-------- EXERCISE DATA

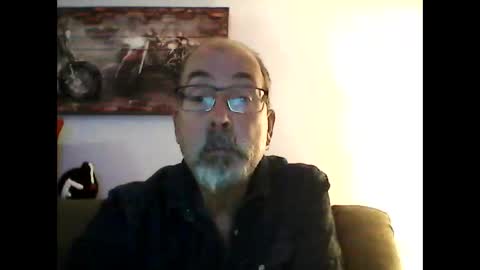 Snapshot of meathome3 chatting on December 2025 09:23:02 PM me at home online show from December 2025 09:23:02 PM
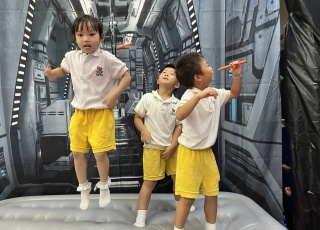 小小太空人-Little-Astronauts-8
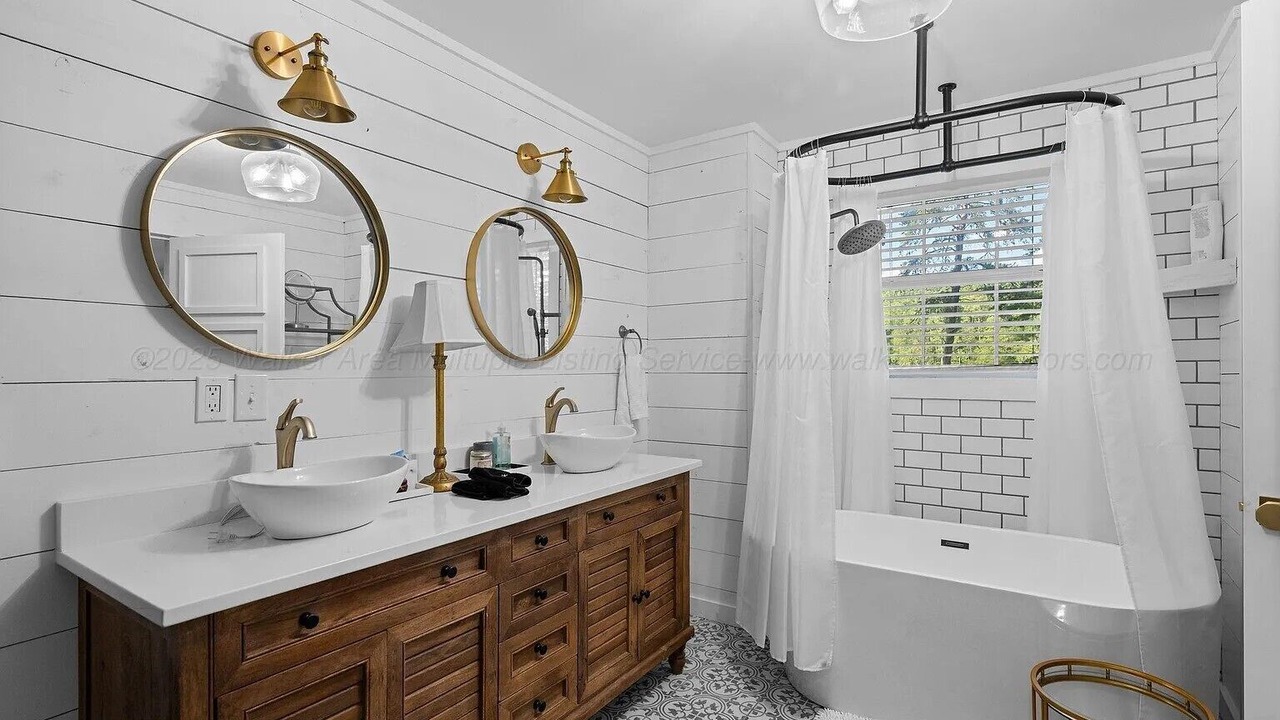 Photo of Bathroom in Jasper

----------------

Copy out the data verbatim, excluding the pictures.

 Snapshot of meathome3 chatting on December 2025 09:23:02 PM me at home online show from December 2025 09:23:02 PM
 小小太空人-Little-Astronauts-8
 Photo of Bathroom in Jasper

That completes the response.